• [Exercise aim]: Stop at the line containing "It comes with": repeat exactly every line of the entries below from the first up to it, plus that line, with pictures omitted.

─── Provided material

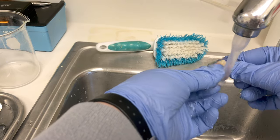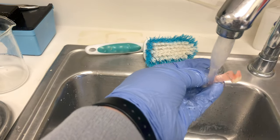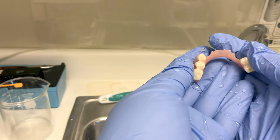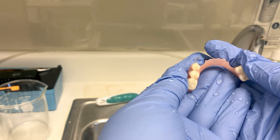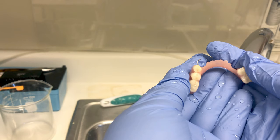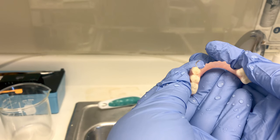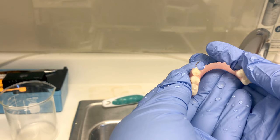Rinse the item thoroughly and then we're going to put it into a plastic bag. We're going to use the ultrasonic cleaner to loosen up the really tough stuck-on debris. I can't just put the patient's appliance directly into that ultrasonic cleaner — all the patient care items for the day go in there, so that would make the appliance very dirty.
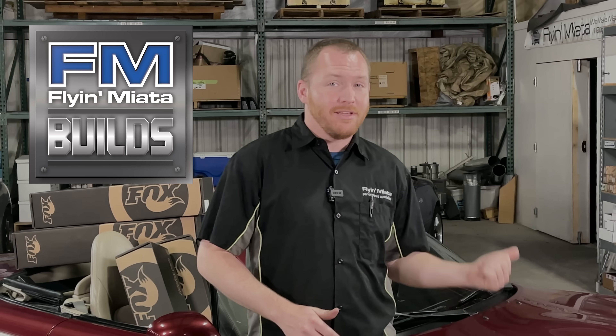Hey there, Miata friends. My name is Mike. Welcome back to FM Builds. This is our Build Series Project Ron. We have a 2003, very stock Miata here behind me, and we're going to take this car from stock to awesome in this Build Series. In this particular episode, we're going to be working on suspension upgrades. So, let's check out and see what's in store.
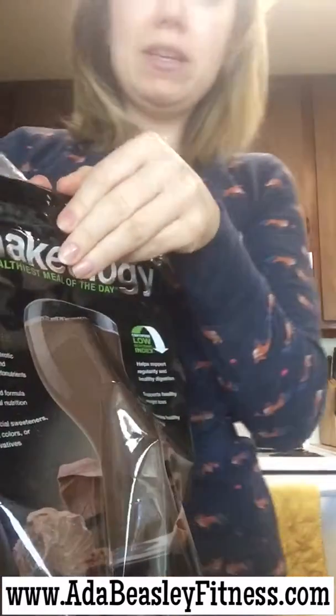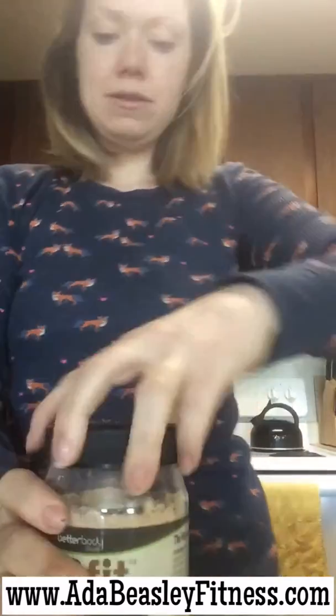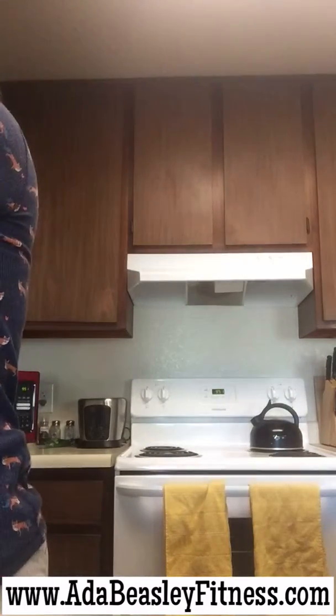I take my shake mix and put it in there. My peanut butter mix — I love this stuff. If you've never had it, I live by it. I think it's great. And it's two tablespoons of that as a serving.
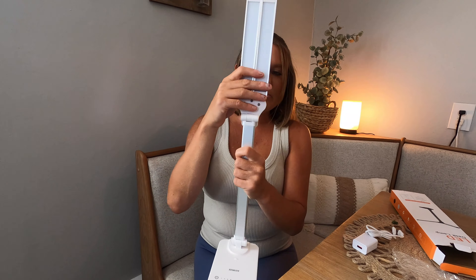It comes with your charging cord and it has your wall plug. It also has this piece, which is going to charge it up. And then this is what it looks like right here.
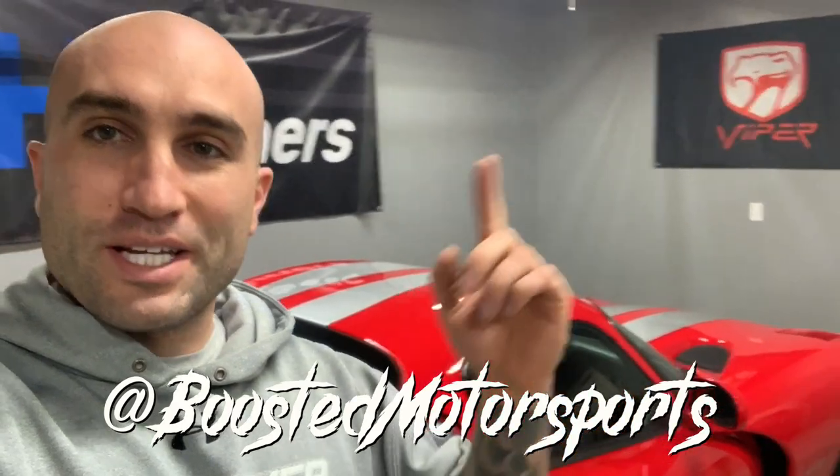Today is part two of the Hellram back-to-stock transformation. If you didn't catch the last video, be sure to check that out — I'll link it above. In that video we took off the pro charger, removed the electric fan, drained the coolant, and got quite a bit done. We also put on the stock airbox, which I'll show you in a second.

──────

• [Task response]:
Rinse the item thoroughly and then we're going to put it into a plastic bag. We're going to use the ultrasonic cleaner to loosen up the really tough stuck-on debris. I can't just put the patient's appliance directly into that ultrasonic cleaner — all the patient care items for the day go in there, so that would make the appliance very dirty.
Hey there, Miata friends. My name is Mike. Welcome back to FM Builds. This is our Build Series Project Ron. We have a 2003, very stock Miata here behind me, and we're going to take this car from stock to awesome in this Build Series. In this particular episode, we're going to be working on suspension upgrades. So, let's check out and see what's in store.
I take my shake mix and put it in there. My peanut butter mix — I love this stuff. If you've never had it, I live by it. I think it's great. And it's two tablespoons of that as a serving.
It comes with your charging cord and it has your wall plug. It also has this piece, which is going to charge it up. And then this is what it looks like right here.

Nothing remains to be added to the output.